In this post, I reported that, thanks to the Trump Justice Department, Amtrak will no longer discriminate against the disabled. That’s because the Trump DOJ filed suit against the Amtrak. As a result, the company reached an agreement with the Justice Department to make its train stations accessible, as well as to provide training to staff on ADA requirements.

The successful action against Amtrak is an example of how, under President Trump, the DOJ’s Civil Rights Division, led by Eric Dreiband, vigorously enforced federal civil rights laws on behalf of all groups protected by these laws.

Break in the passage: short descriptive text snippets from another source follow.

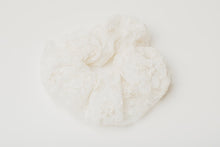Load image into Gallery viewer, RECLAIMED Lace Scrunchie in Ivory
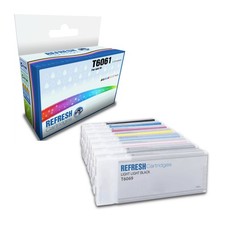 Refresh Cartridges Value 4 Pack T6061 Full Set Ink Compatible With Epson Printer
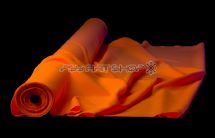 Tissu fluorescent Orange au mètre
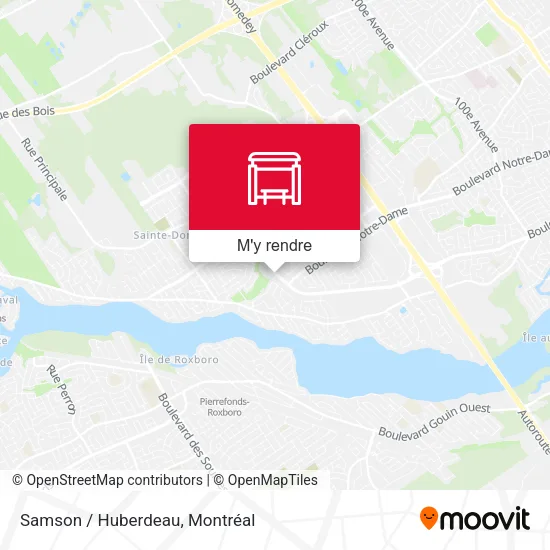 Samson / Huberdeau plan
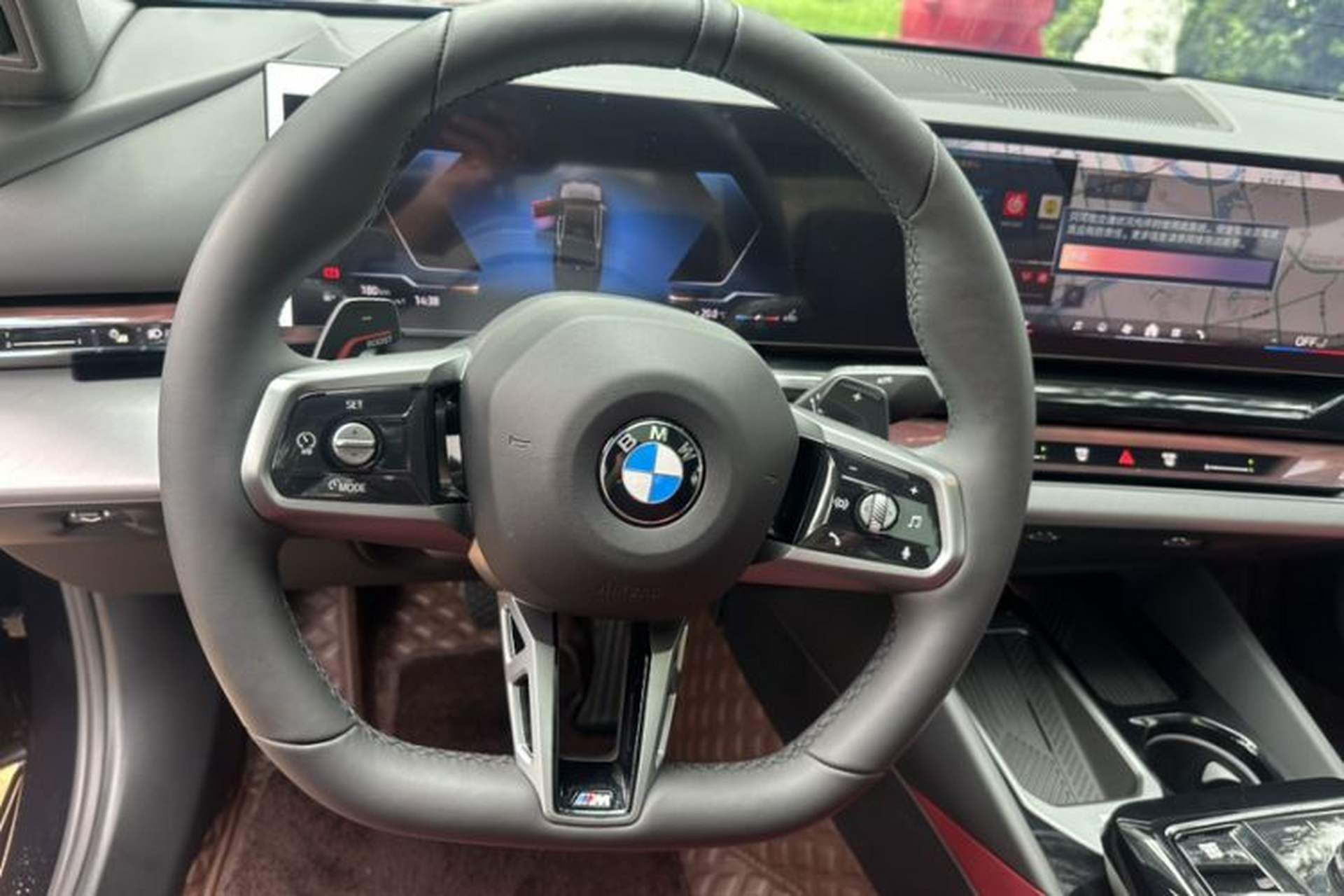 Used BMW 5 Series 2026 530Li Leading M Sport Package Interior 2
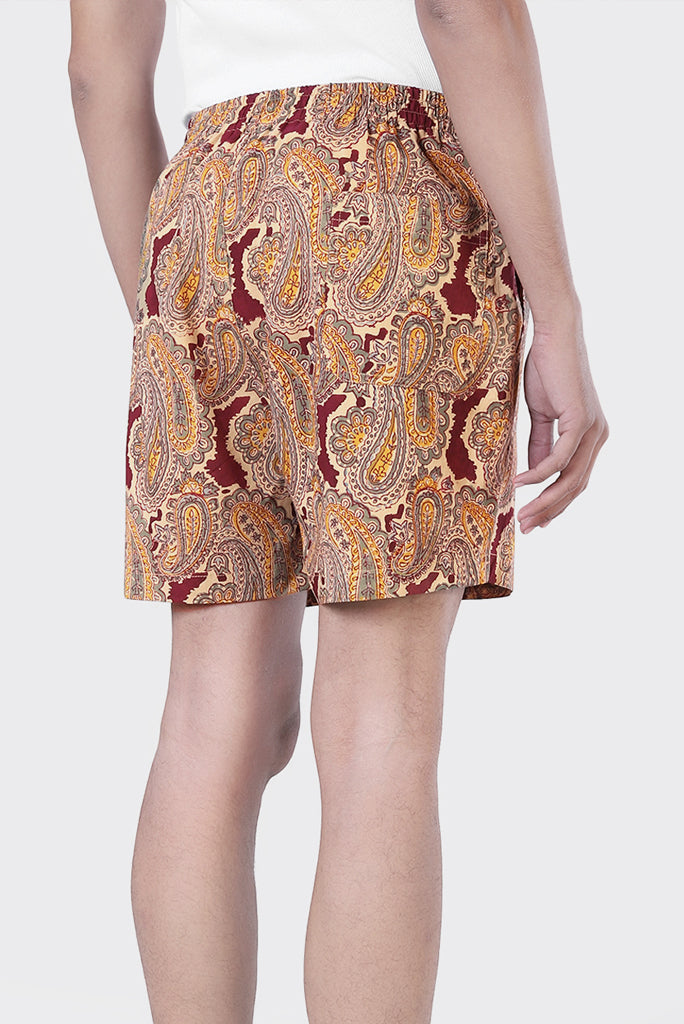 KARDO BLOCK PRINT SHORTS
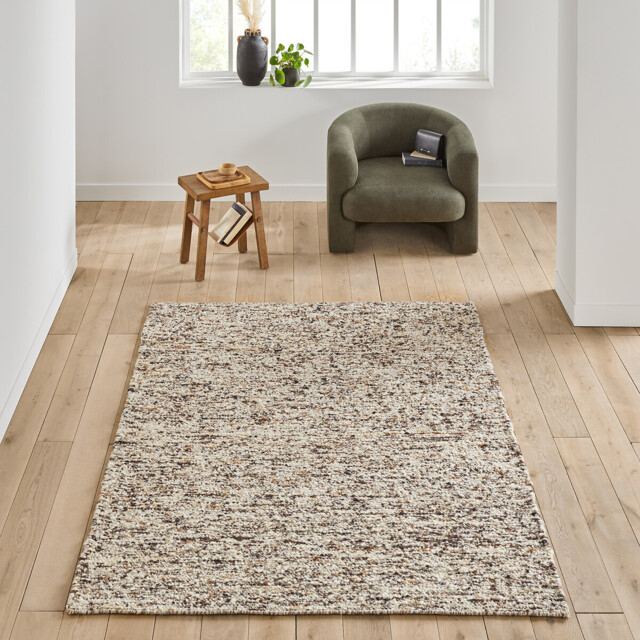 Acan Wool & Cotton Rug - image 1
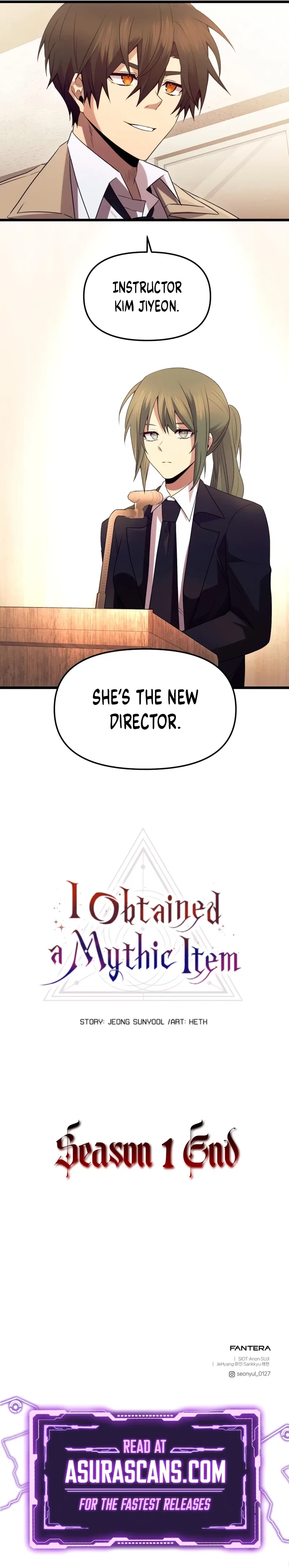 I Obtained a Mythic Item Chapter 79 – Page 11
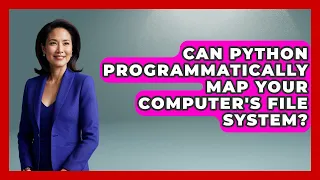 Can Python Programmatically Map Your Computer s File System - Python Code School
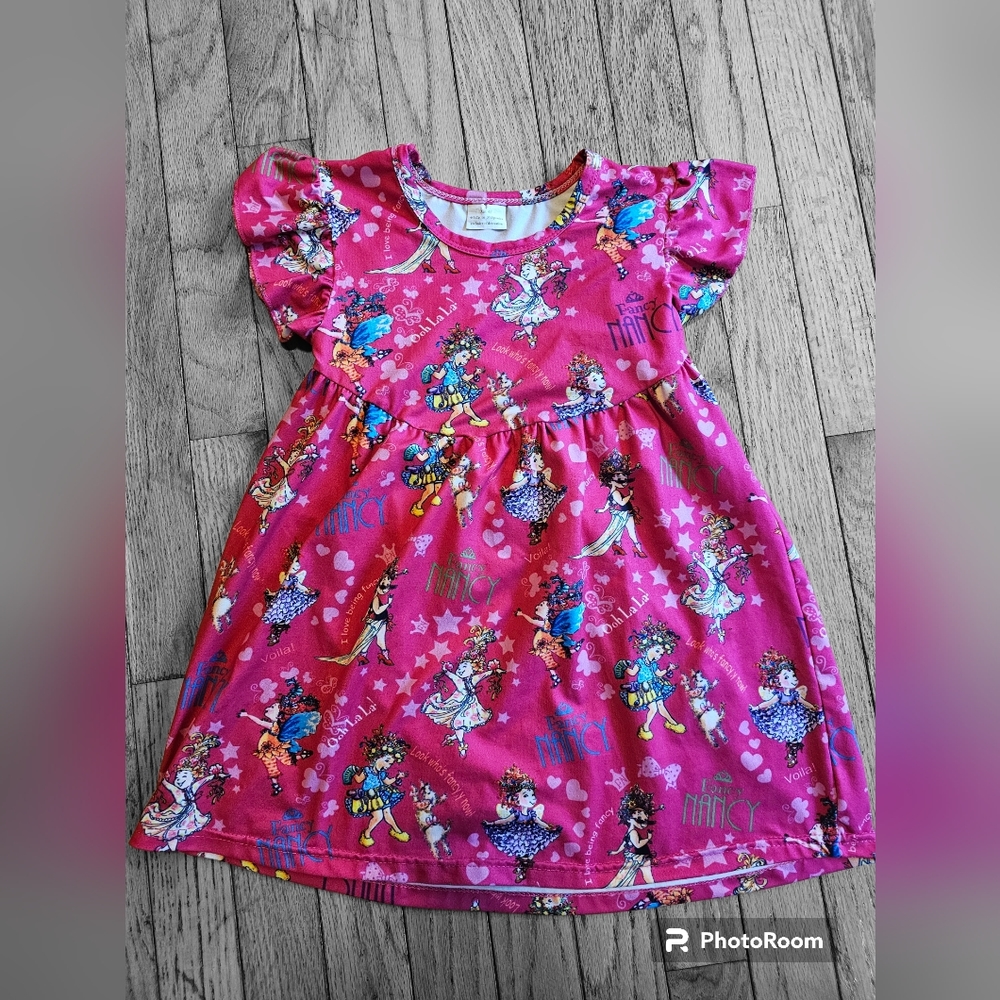 4T Fancy Nancy Dress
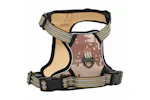 Dog Harness With Reflective Stripes Adjustable Camouflage Brown Xl Dog Harness With Reflective Stripes Adjustable Camouflage Brown Xl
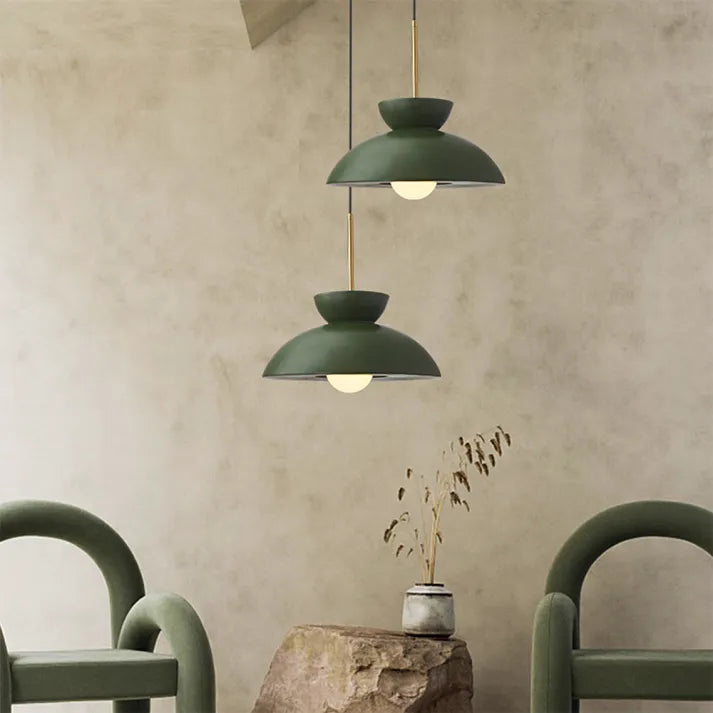 Elegante Scandinavian Hängeleuchte für Esszimmer – Minimalistisches Design mit Verstellbarer Hängelänge und Weicher Beleuchtung-3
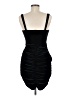 Unbranded Solid Black Cocktail Dress Size M - photo 2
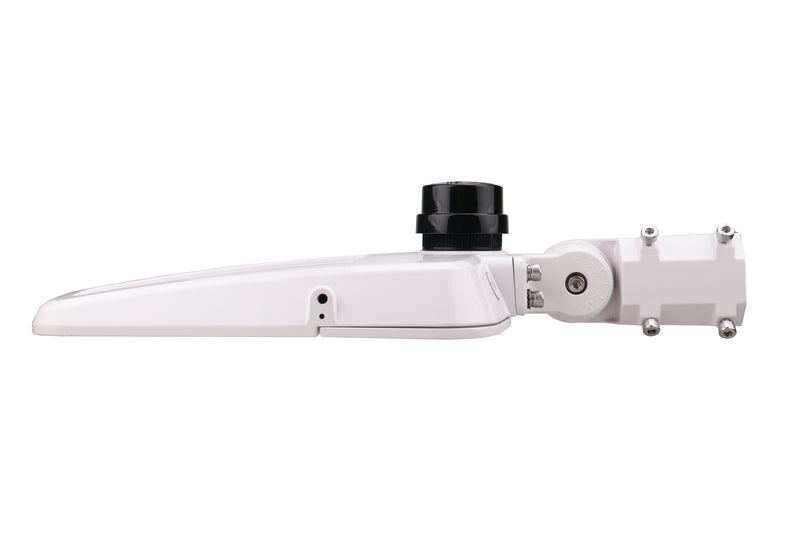 LED Street Light - 150W - 22,200 Lumens - Shorting Cap - Slip Fitter Mount - AL5 Series - White - UL+DLC 5.1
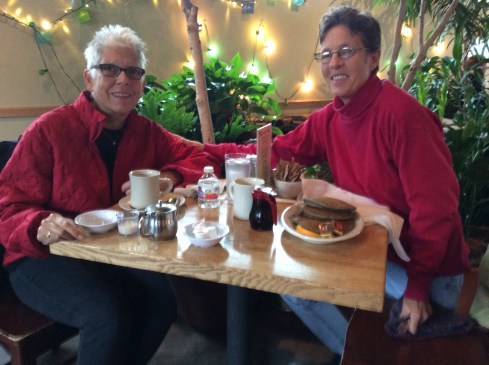 A breakfast stop at Mother's Cafe. Great vegetarian/vegan restaurant and an Austin treasure.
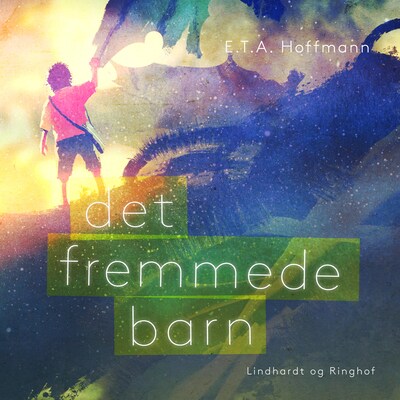 Det fremmede barn – omslag til lydbogen af E. T.a. Hoffmann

I presented quantitative evidence of this fact here.

In the Amtrak post, I compared the Trump DOJ’s response to the company’s discrimination against the disabled with that of the Obama DOJ. I stated, “the Obama administration wasn’t interested in taking action against Amtrak.” I also said, “when Vanita Gupta, Biden’s new associate attorney general nominee, headed the civil rights division, it did nothing to enforce the ADA against the perennially non-compliant Amtrak.”

This overstates things a little. As can been seen here, the Obama DOJ opened an investigation of Amtrak following the receipt of complaints in 2011 and 2012. And in 2016, under Gupta, the DOJ issued a letter of findings notifying Amtrak of its non-compliance with the ADA.

But this record — opening an “investigation” in 2011, issuing a letter of findings years later, and leaving office without having forced compliance — hardly constitutes taking effective action to bring Amtrak into compliance. Congress set a deadline for Amtrak: 2010. That deadline was not onerous. It gave Amtrak two decades after the 1990 enactment of the ADA to comply. When Amtrak failed to meet this deadline, the Obama DOJ should not have let things slide.

Why such a lengthy gap between the beginning of the investigation and the letter? Amtrak plainly did not comply with its statutory obligations and, as I understand it, never even claimed otherwise. This was not a complex white collar fraud scheme that required sorting through complicated records.

In sum, the Obama administration had six years after the 2010 statutory deadline to bring Amtrak into compliance or to sue. It did neither.

Thus, what I should have written in my original post is that the Obama DOJ wasn’t much interested in taking action against Amtrak and that, under Gupta, it did very little to enforce the ADA against the perennially non-compliant company.

I’m happy to make this correction to my post. It would be nice if Gupta and her fellow leftists would correct their dishonest claims about the Trump DOJ’s record. That won’t happen, though.